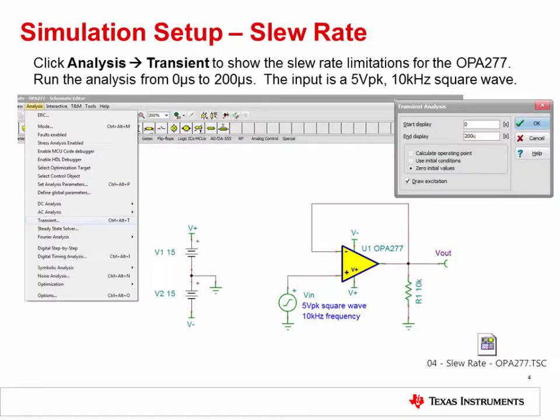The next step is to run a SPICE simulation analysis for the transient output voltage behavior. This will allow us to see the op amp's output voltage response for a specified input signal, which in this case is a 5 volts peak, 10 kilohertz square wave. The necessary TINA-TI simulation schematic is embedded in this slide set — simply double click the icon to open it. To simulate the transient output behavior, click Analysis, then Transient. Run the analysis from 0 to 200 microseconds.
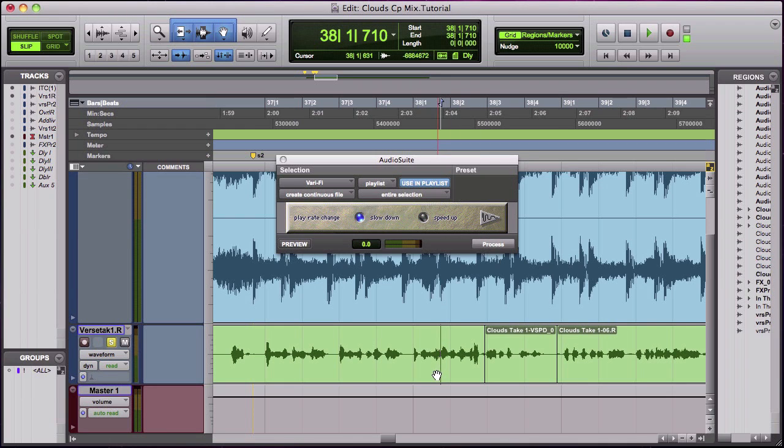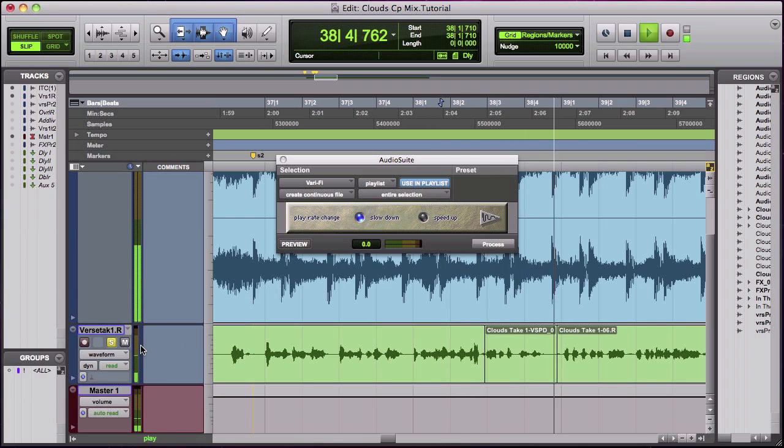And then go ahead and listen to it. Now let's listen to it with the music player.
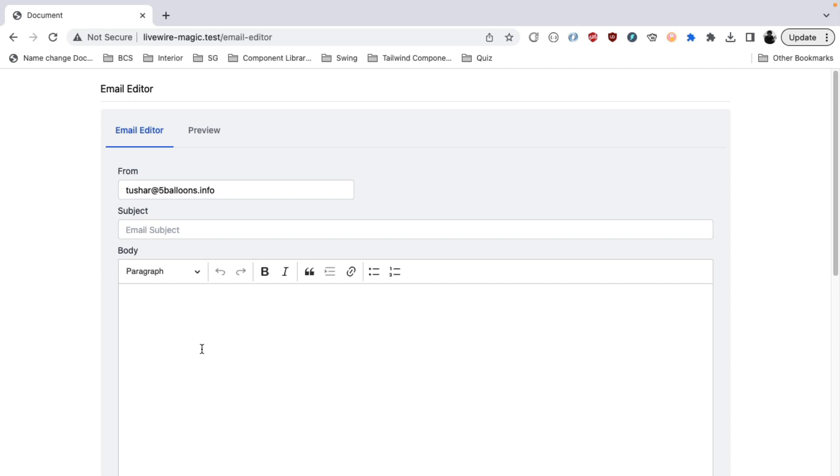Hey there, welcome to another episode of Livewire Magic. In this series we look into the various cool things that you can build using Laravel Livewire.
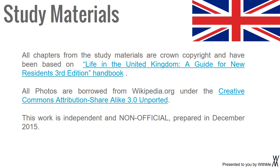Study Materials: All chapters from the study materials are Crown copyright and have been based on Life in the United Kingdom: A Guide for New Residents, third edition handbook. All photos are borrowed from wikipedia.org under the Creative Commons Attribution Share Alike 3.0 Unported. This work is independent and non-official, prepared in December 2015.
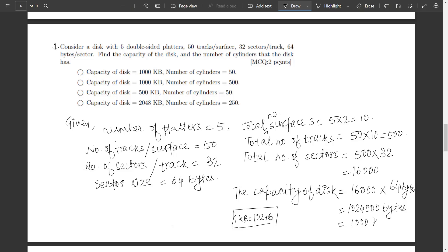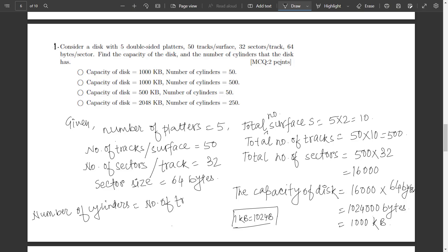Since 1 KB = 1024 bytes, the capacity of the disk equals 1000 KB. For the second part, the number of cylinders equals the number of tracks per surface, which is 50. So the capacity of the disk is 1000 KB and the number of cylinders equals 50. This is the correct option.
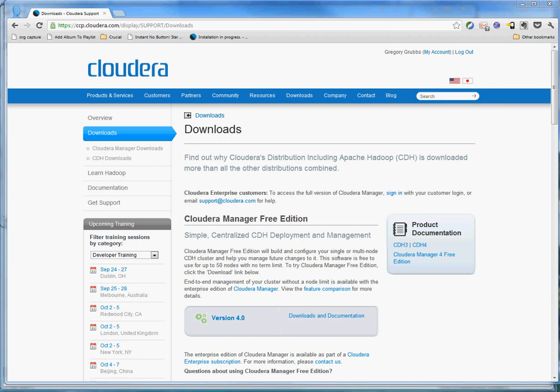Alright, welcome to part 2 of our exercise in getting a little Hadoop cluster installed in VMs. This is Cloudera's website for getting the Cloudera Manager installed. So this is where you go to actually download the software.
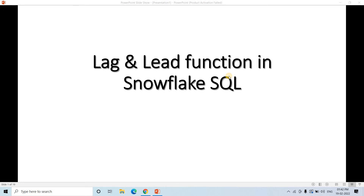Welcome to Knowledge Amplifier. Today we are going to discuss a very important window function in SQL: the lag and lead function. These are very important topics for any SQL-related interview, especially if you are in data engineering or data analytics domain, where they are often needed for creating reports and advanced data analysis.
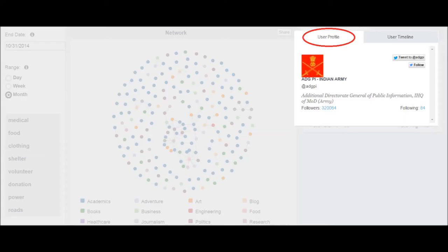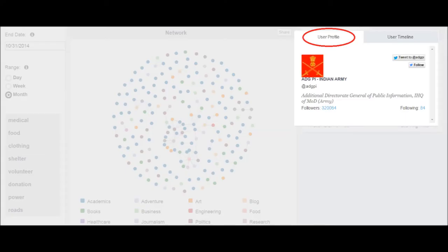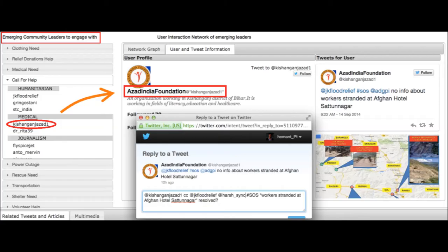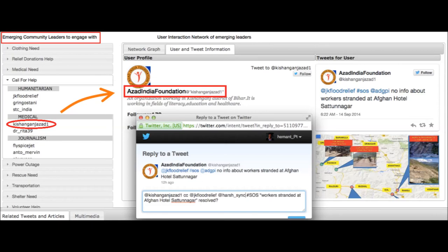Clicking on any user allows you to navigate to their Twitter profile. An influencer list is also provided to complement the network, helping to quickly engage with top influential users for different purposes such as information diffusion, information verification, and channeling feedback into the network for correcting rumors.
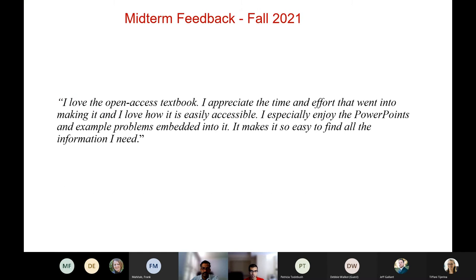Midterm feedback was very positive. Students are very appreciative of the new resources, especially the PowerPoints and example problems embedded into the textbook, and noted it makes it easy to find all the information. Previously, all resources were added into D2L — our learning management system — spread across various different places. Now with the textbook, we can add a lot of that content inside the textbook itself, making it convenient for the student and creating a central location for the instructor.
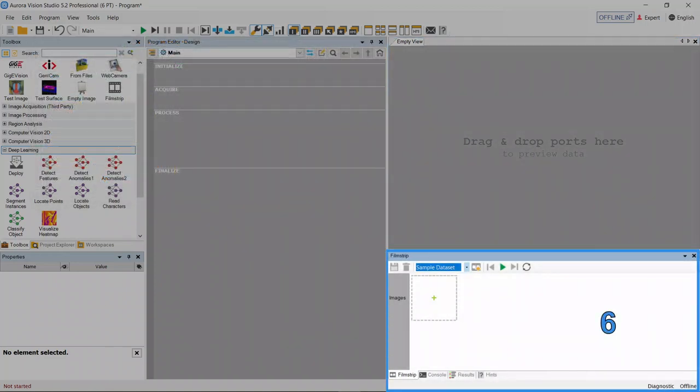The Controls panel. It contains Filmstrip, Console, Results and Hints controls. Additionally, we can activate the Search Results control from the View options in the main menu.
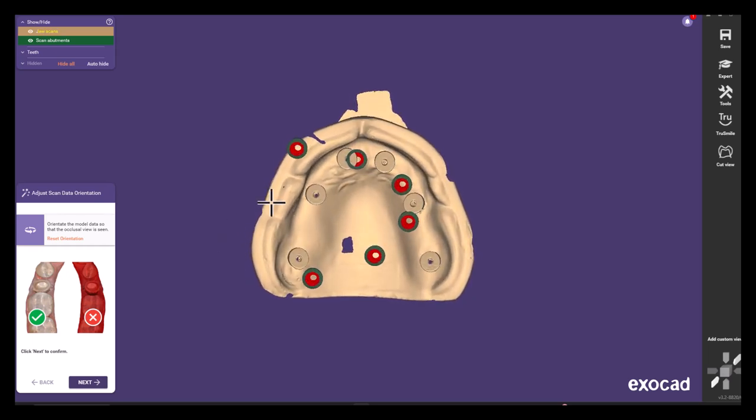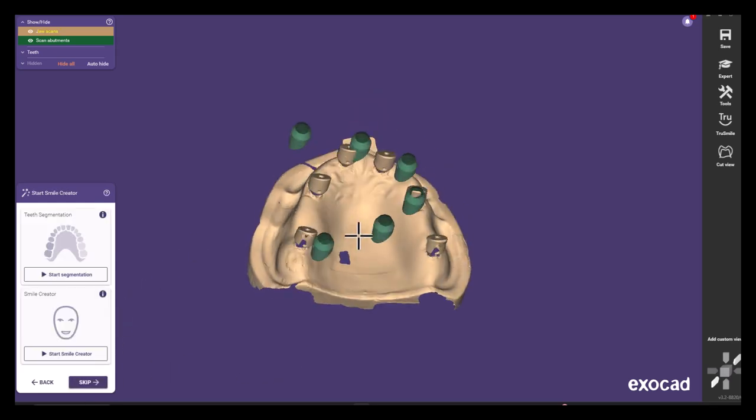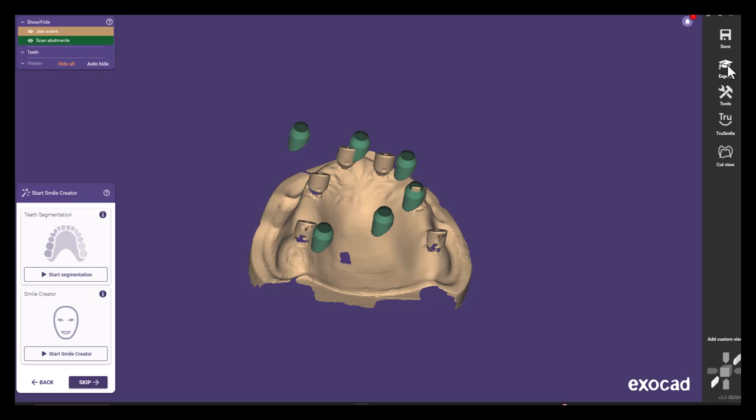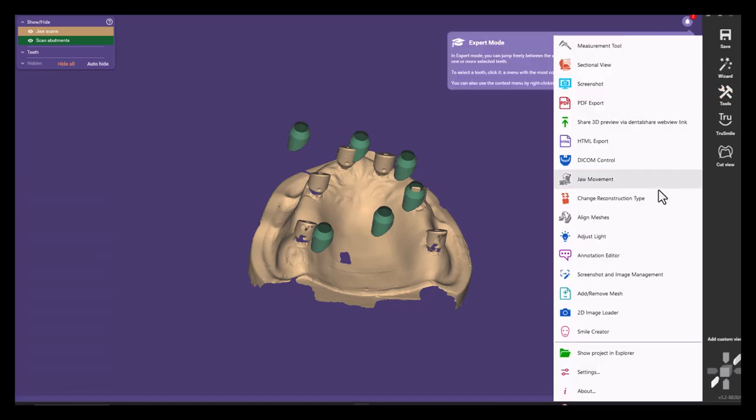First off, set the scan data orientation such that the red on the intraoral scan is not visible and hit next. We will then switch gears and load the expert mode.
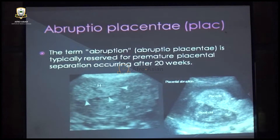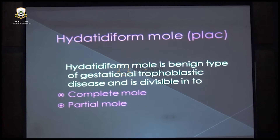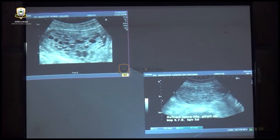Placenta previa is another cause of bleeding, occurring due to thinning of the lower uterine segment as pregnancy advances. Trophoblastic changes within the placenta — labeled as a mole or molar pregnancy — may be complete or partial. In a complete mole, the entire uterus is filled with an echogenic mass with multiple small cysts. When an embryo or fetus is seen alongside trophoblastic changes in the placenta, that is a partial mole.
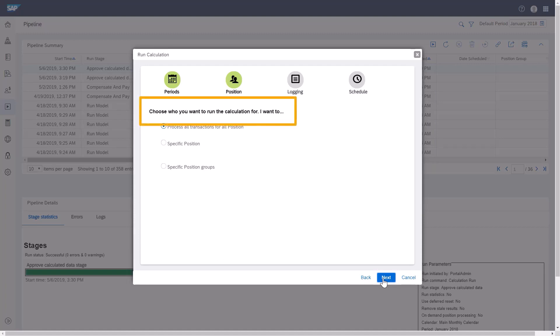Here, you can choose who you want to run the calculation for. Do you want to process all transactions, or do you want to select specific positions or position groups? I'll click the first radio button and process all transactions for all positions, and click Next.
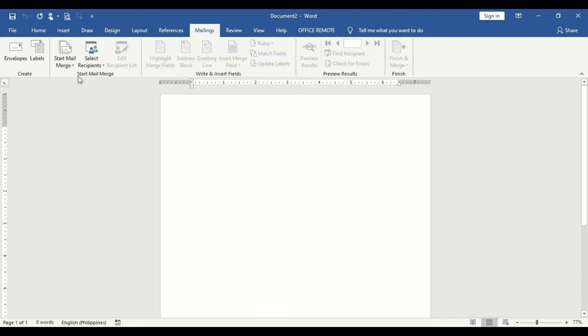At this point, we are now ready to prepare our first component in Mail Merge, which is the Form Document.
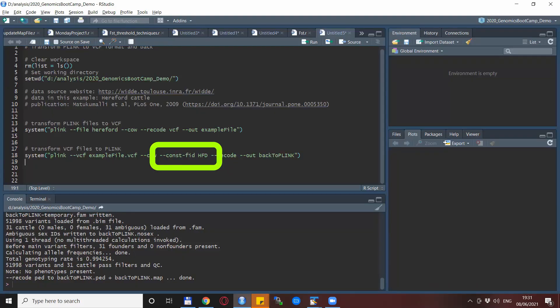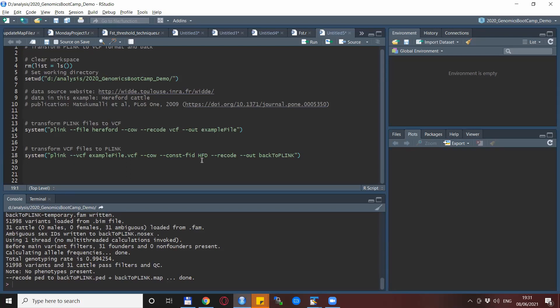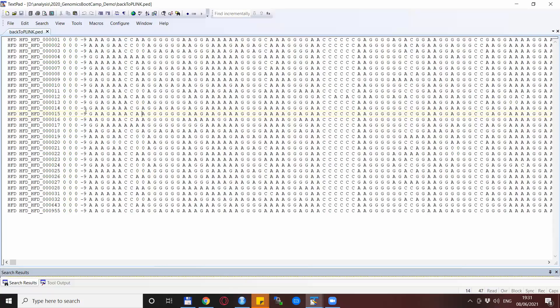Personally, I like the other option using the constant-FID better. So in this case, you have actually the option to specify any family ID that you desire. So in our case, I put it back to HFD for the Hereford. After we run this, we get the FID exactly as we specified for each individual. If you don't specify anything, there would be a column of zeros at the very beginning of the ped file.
* * * * * * * * *
REQUIREMENT >>
In the answer, all of the material should appear exactly as given, with no picture carried over.

WRITTEN SOLUTION >>
The next step is to run a SPICE simulation analysis for the transient output voltage behavior. This will allow us to see the op amp's output voltage response for a specified input signal, which in this case is a 5 volts peak, 10 kilohertz square wave. The necessary TINA-TI simulation schematic is embedded in this slide set — simply double click the icon to open it. To simulate the transient output behavior, click Analysis, then Transient. Run the analysis from 0 to 200 microseconds.
And then go ahead and listen to it. Now let's listen to it with the music player.
Hey there, welcome to another episode of Livewire Magic. In this series we look into the various cool things that you can build using Laravel Livewire.
Study Materials: All chapters from the study materials are Crown copyright and have been based on Life in the United Kingdom: A Guide for New Residents, third edition handbook. All photos are borrowed from wikipedia.org under the Creative Commons Attribution Share Alike 3.0 Unported. This work is independent and non-official, prepared in December 2015.
Since 1 KB = 1024 bytes, the capacity of the disk equals 1000 KB. For the second part, the number of cylinders equals the number of tracks per surface, which is 50. So the capacity of the disk is 1000 KB and the number of cylinders equals 50. This is the correct option.
Alright, welcome to part 2 of our exercise in getting a little Hadoop cluster installed in VMs. This is Cloudera's website for getting the Cloudera Manager installed. So this is where you go to actually download the software.
Welcome to Knowledge Amplifier. Today we are going to discuss a very important window function in SQL: the lag and lead function. These are very important topics for any SQL-related interview, especially if you are in data engineering or data analytics domain, where they are often needed for creating reports and advanced data analysis.
Clicking on any user allows you to navigate to their Twitter profile. An influencer list is also provided to complement the network, helping to quickly engage with top influential users for different purposes such as information diffusion, information verification, and channeling feedback into the network for correcting rumors.
Midterm feedback was very positive. Students are very appreciative of the new resources, especially the PowerPoints and example problems embedded into the textbook, and noted it makes it easy to find all the information. Previously, all resources were added into D2L — our learning management system — spread across various different places. Now with the textbook, we can add a lot of that content inside the textbook itself, making it convenient for the student and creating a central location for the instructor.
The Controls panel. It contains Filmstrip, Console, Results and Hints controls. Additionally, we can activate the Search Results control from the View options in the main menu.
First off, set the scan data orientation such that the red on the intraoral scan is not visible and hit next. We will then switch gears and load the expert mode.
Placenta previa is another cause of bleeding, occurring due to thinning of the lower uterine segment as pregnancy advances. Trophoblastic changes within the placenta — labeled as a mole or molar pregnancy — may be complete or partial. In a complete mole, the entire uterus is filled with an echogenic mass with multiple small cysts. When an embryo or fetus is seen alongside trophoblastic changes in the placenta, that is a partial mole.
Here, you can choose who you want to run the calculation for. Do you want to process all transactions, or do you want to select specific positions or position groups? I'll click the first radio button and process all transactions for all positions, and click Next.
At this point, we are now ready to prepare our first component in Mail Merge, which is the Form Document.
Personally, I like the other option using the constant-FID better. So in this case, you have actually the option to specify any family ID that you desire. So in our case, I put it back to HFD for the Hereford. After we run this, we get the FID exactly as we specified for each individual. If you don't specify anything, there would be a column of zeros at the very beginning of the ped file.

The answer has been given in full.